Creating tools for thermoforming can be accomplished through various types of manufacturing, including 3D printing. In a previous article, we explored technologies used to create thermoforming tools, as well as practical knowledge for each.
Here, we’ll take a deep dive into the creation of thermoforming tools with SLA 3D printing, including best practices, benefits, and more.
What is resin 3D printing?
Stereolithography (SLA) 3D printing, or resin 3D printing, is an additive manufacturing technology in which a light source – typically a laser or projection – cures liquid resin into hardened plastic.
SLA parts feature high resolution and outstanding surface finishes, especially when compared to other 3D printing technologies. SLA 3D printing is also compatible with a wide variety of materials, meaning an equally broad range of applications can be created with it.
Resin 3D printing advantages for thermoforming
Below are a few of SLA 3D printing’s many advantages. Those listed here are more relevant to the creation of thermoforming tools.
Smooth surface finish
SLA 3D printing is able to create parts with smooth surfaces that do not require post-processing – potentially saving a great deal of time. Smooth surfaces are often useful in thermoforming, as they are easier to demold in certain applications.

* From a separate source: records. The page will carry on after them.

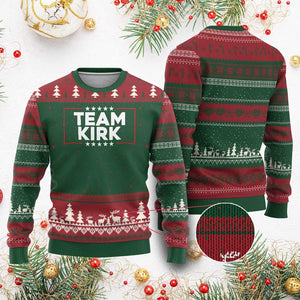 Team Kirk Ugly Christmas Sweater Last Name Kirk Family Name Matching Member Surname TS10 Red Green Print Your Wear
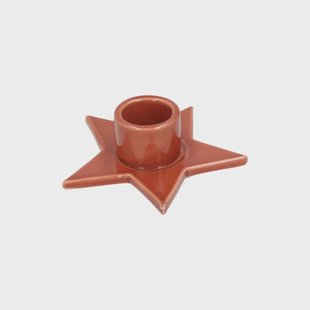 Kandelaar voor dinerkaars, porselein, ster, oranje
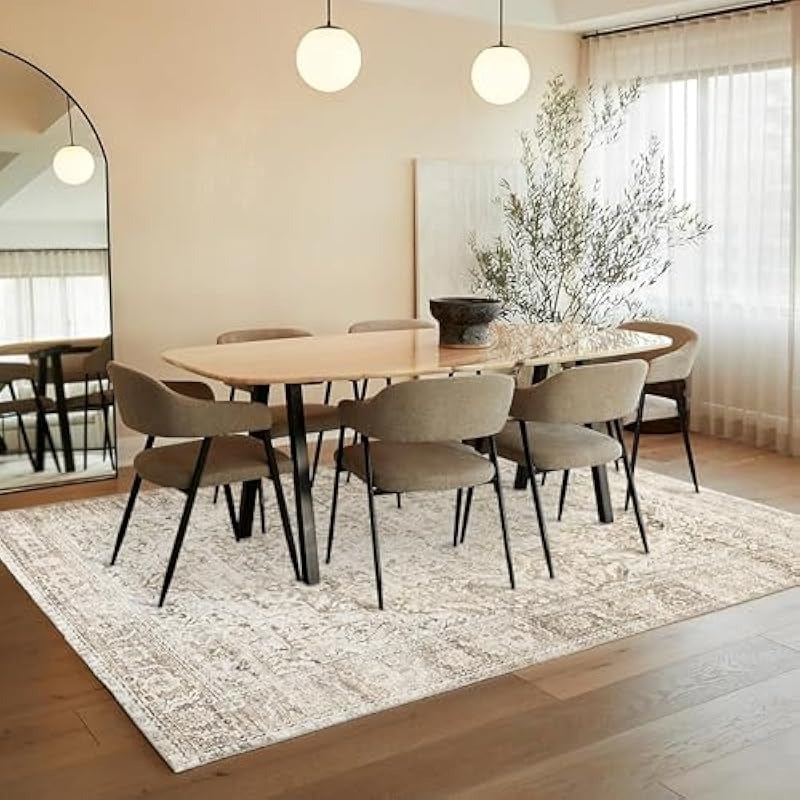 Boho Neutral Living Room Rug 5x7Washable Vintage Rustic Earth Tone Modern Farmhouse Style Easy to Clean Stain Resistant Area Rugs for Bedroom Dining Room Light Tan Brown and Beige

In the image below you can see how resin 3D printed parts (SLA) have no visible layers while the same part made with filament 3D printing (FDM) has a clear layered texture.
Comparison: FDM filament 3D printing (left) and SLA resin 3D printing (right)
Print complex patterns
SLA 3D printing is able to achieve results that exhibit very high levels of detail. This is extremely useful in thermoforming, especially when creating a tool that has a specific surface pattern, texture, or even text.
Level of detail a Formlabs-made part can achieve (Source: Formlabs)
Variety of materials
SLA 3D printing is compatible with dozens of resins, each one with specific properties. Some of these, such as Formlabs’ high-temperature resin, are ideal for creating thermoforming tools.
Designing and manufacturing thermoforming tools
Here are a few tips and best practices to keep in mind when designing and manufacturing thermoforming tools with SLA 3D printing.
Air hole size
Because SLA 3D printing is so precise, you can create air holes that are so small they are nearly invisible. For the Mayku Multiplier, we suggest that air holes are no more than 0.4 mm. Larger air holes could result in visible air holes on the final part – or cause the plastic sheet to burst during the forming process. We also recommend testing the smallest possible air hole for your tool during the prototyping phase.
Thermoforming tool with air holes
Here are two tips for achieving the best possible air holes:
- Add tapered air holes that are 0.4 mm on the tool surface, which become larger at the back of the tool (around 2 mm). This will prevent resin from becoming trapped.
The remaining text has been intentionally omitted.